Suzuka, pole con polemica per Vettel. Alonso solo 6°

Pole con polemica per Sebastian Vettel a Suzuka. Il tedesco della Red Bull ha dominato le qualifiche del Gran Premio del Giappone, fermando il cronometro sul tempo di 1'30"839

Pole con polemica per Sebastian Vettel a Suzuka. Il tedesco della Red Bull ha dominato le qualifiche del Gran Premio del Giappone, fermando il cronometro sul tempo di 1'30"839, unico a scendere sotto il muro dell'1'31", precedendo il compagno di squadra Mark Webber. Vettel, alla quarta pole stagionale, la 34esima in stagione, è intenzionato a ricucire il gap di 29 punti che lo separa da Fernando Alonso. Anche a Suzuka il ferrarista ha dovuto limitare i danni.

Rallentato da una bandiera gialla per un'uscita di pista di Kimi Raikkonen, il bi-campione del mondo non è andato oltre la settima piazza. Tuttavia scatterà dalla sesta posizione complice la penalità di cinque posizioni inflitta a Jenson Button (McLaren) per la sostituzione del cambio e che per questo motivo partirà dalla casella numero otto.

Alonso recrimina anche per esser stato ostacolato da Vettel alla curva 16 durante la Q3. Ma al biondino della Red Bull è stata confermata la pole dopo oltre tre ore di investigazione. Lo spagnolo però annuncia una gara d'attacco, cannibale come sempre di domenica. Nessuna paura insomma, anche se ci sarà da lottare: "Occorre fare buona partenza, avere una buona strategia e stare attenti alle gomme per l'alto degrado - ha osservato il leader del campionato -. Nel 2011 ci furono 3 stop, questo è un circuito esigente per le gomme. Proveremo a passare chi ci precede e cercare di spingere".

Quanto alle qualifiche, "siamo stati davvero sfortunati.

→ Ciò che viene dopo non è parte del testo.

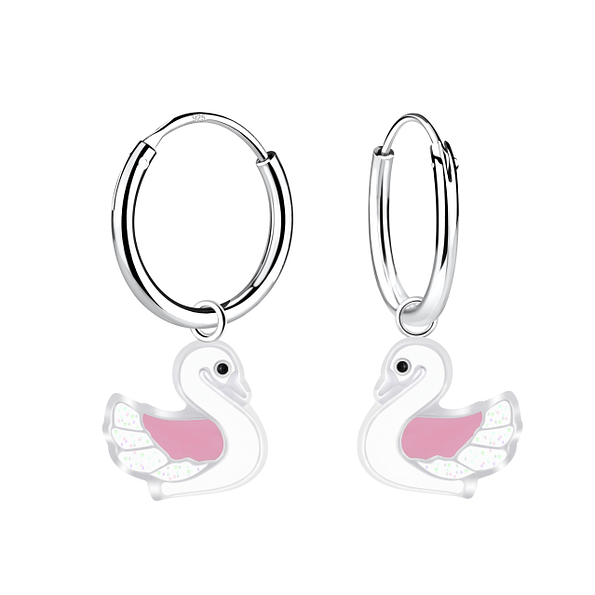 Wholesale Sterling Silver Swan Charm Ear Hoops - JD20795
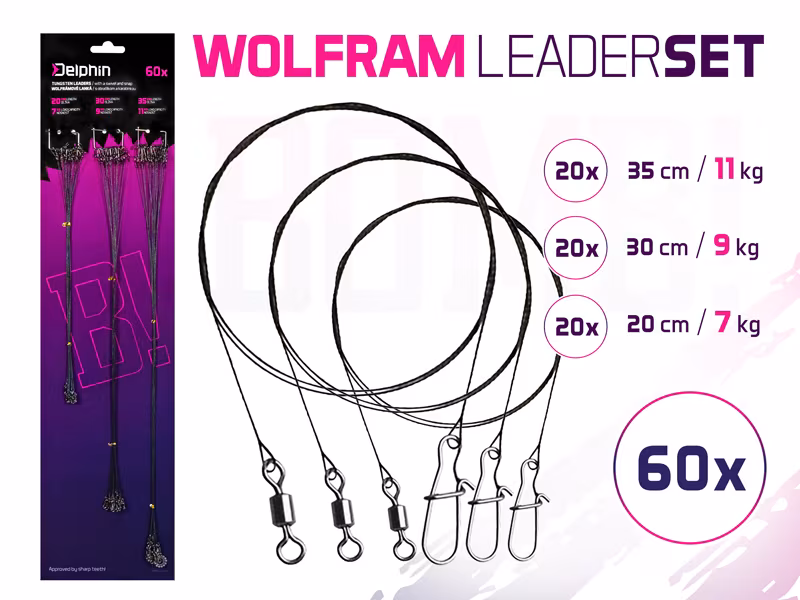 Set of tungsten ropes BOMB! with swivel and carabiner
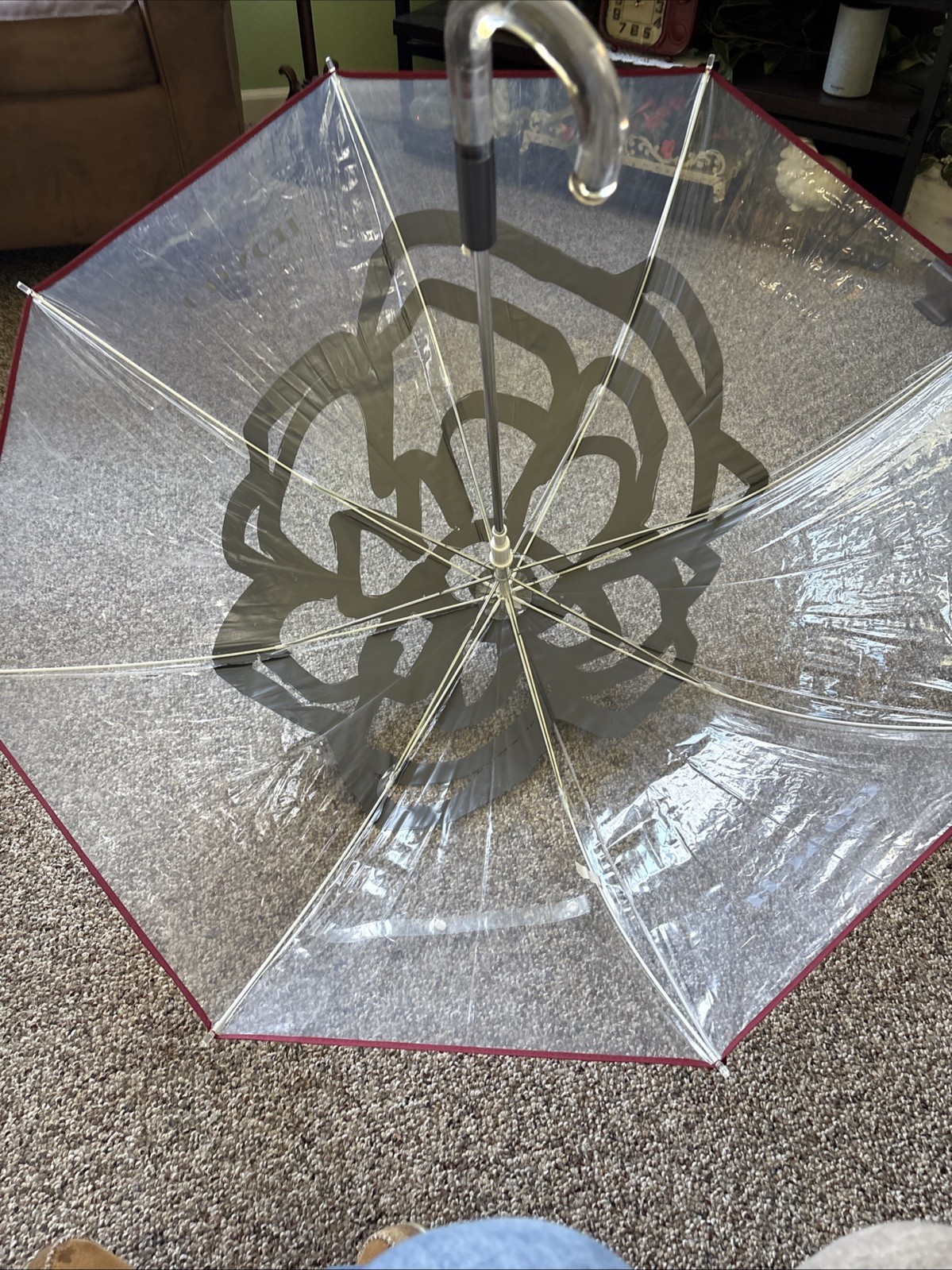 COACH BUBBLE-clear-black-burgundy Umbrella
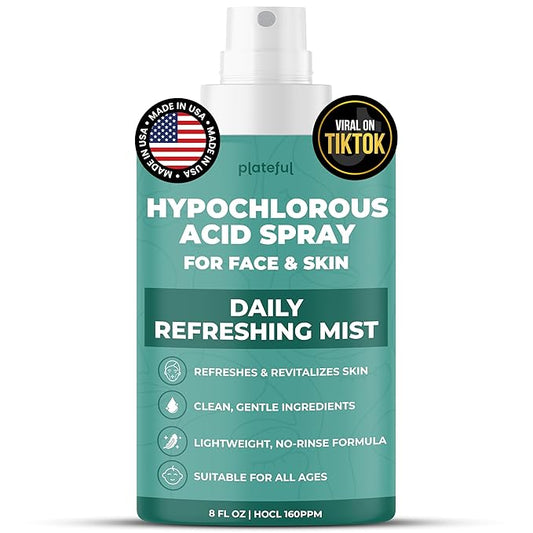 Hypochlorous Acid Spray for face (8 oz) - Face Spray for Acne, Hypochlorous Travel Size Gentle Facial & Skin Cleansing for Body, Back, Skin and Facial Cleaning & Repair - Made in USA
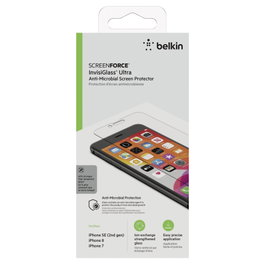 Belkin SCREENFORCE InvisiGlass Ultra para iPhone SE (2.ª gen), iPhone 8 e iPhone 7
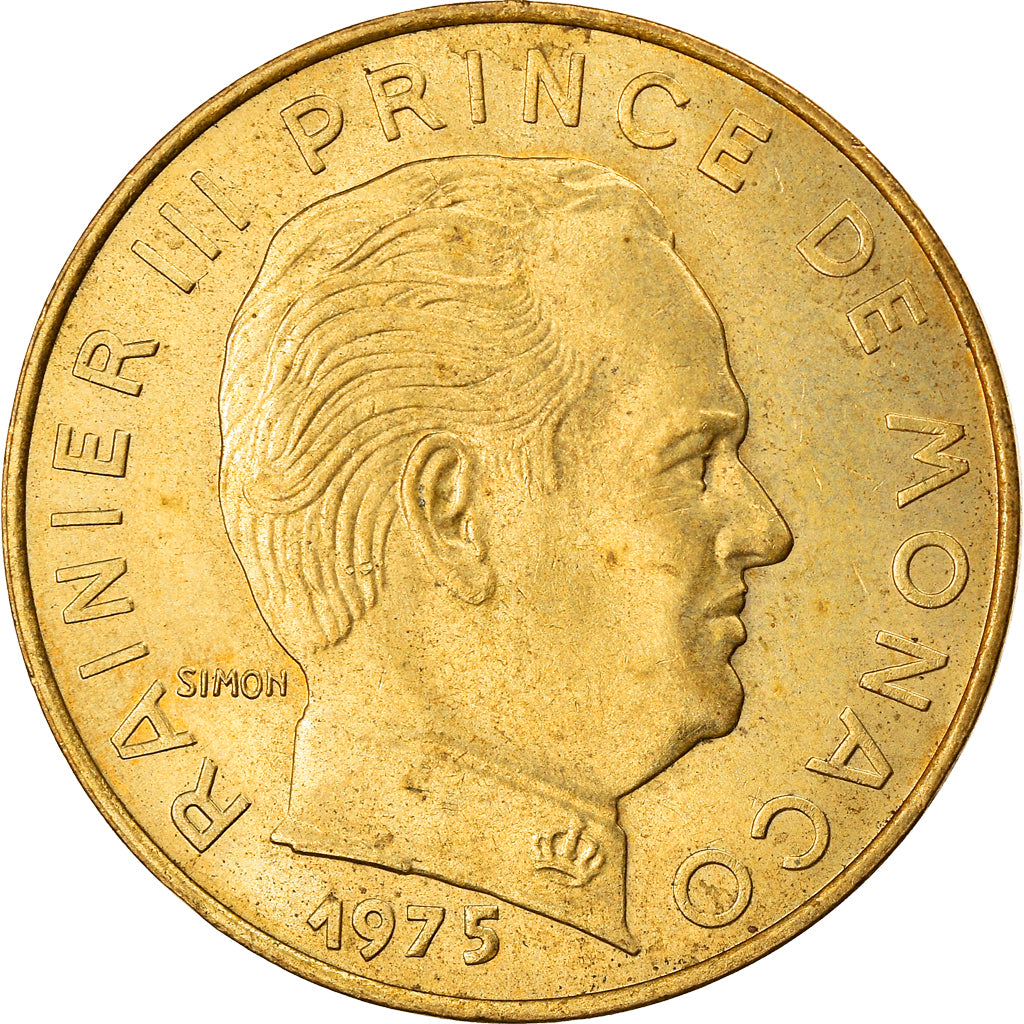 Coin, Monaco, Rainier III, 20 Centimes, 1975, AU(55-58), Aluminum-Bronze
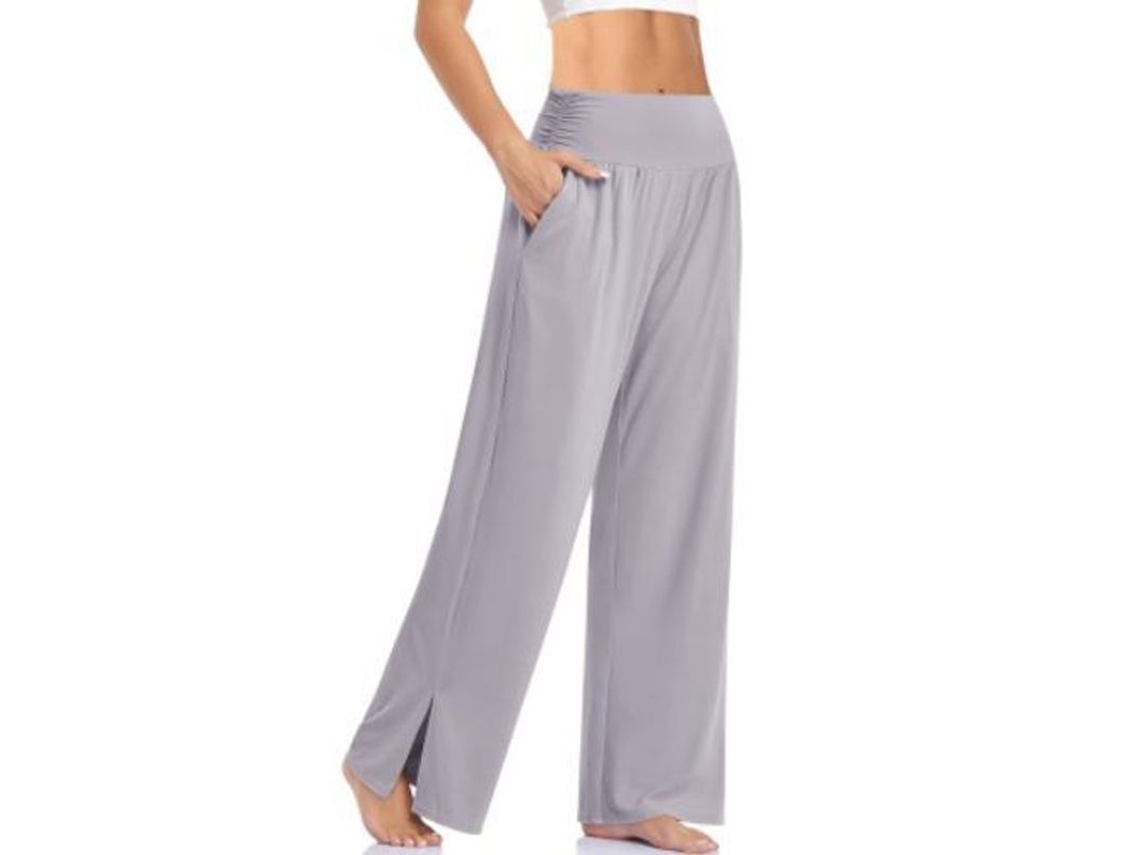 2026 pantalones de Yoga de Pierna Ancha para Mujer de Cintura Alta Con Bolsillos Y Cordón Ajustable L Gris Claro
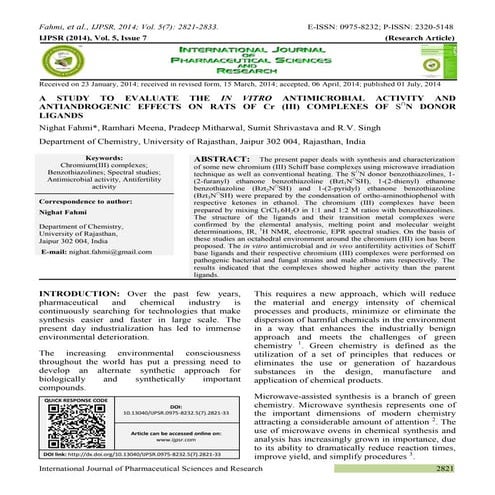 A STUDY TO EVALUATE THE IN VITRO ANTIMICROBIAL ACTIVITY AND  ANTIANDROGENIC E...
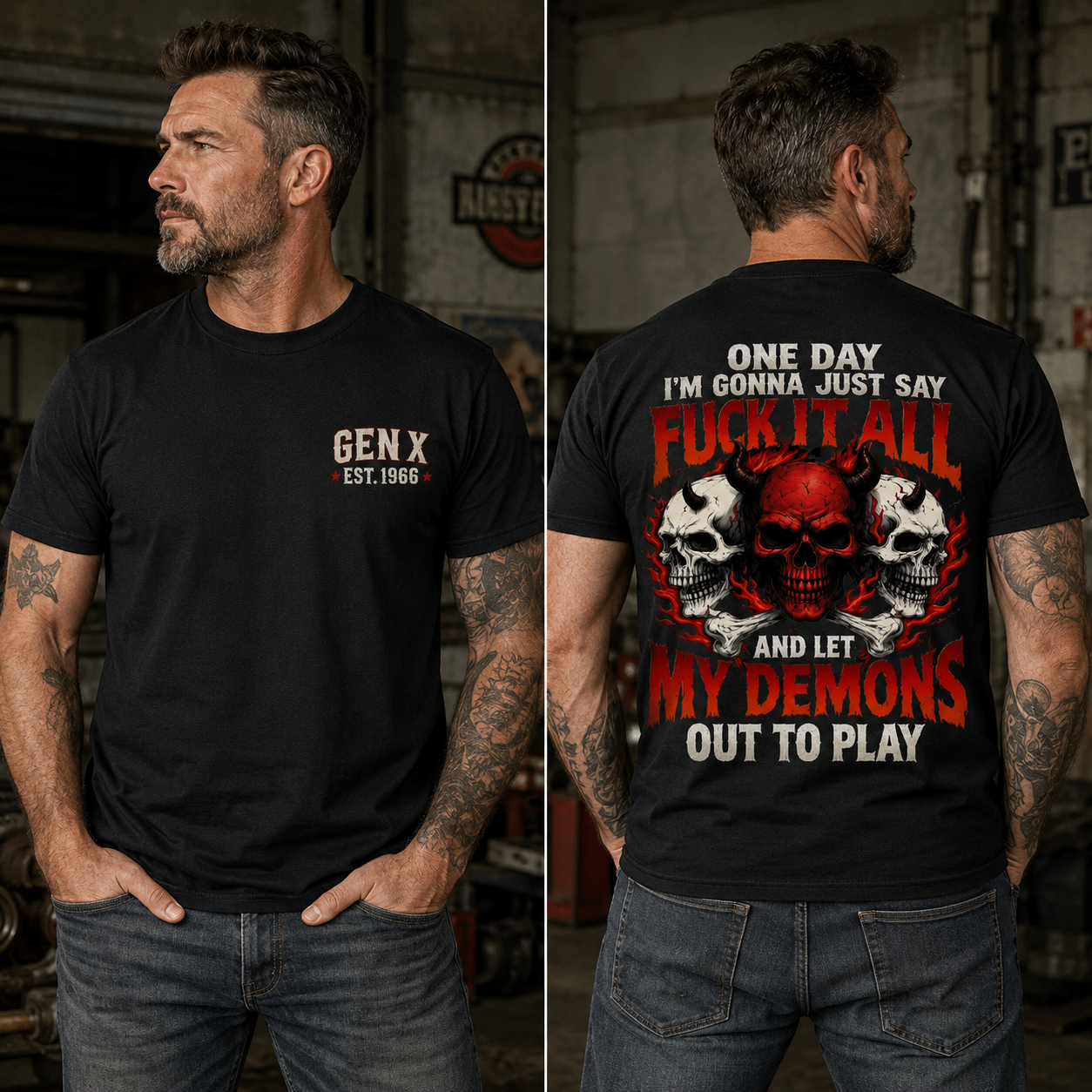 Fuck It All Let My Demons Out To Play Gen X Custom Year Skull Graphic Tee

Ho dovuto rallentare per l'uscita di Raikkonen ed è stato un peccato. Ho perso un quarto posto che con la retrocessione di Button sarebbe stato un terzo". Vettel si gode il suo dominio: "E' filato tutto liscio durante qualifiche - ha esordito -. L'auto perfetta. Mi sento in perfetta sintonia con la pista, a differenza da Singapore. Su questa pista quando la vettura è a posto ci si gode la sfida che offre Suzuka".

Delusione per Lewis Hamilton, con evidenti problemi di assetto, e solamente nono. "Avevo un buon passo, poi ho cambiato la macchina. E' stata una scelta sbagliata e ne pago le conseguenze", sono le laconiche parole del pilota della McLaren. Buone le prestazioni delle Sauber, con Kamui Kobayashi terzo e Sergio Perez quinto. A sandwich la Lotus di Romain Grosjean. Solo decimo Felipe Massa. "Non so cosa sia successo - ha esordito il brasiliano -. Sono stato sempre veloce, ma quando ho messo le nuove soft non avevo più grip".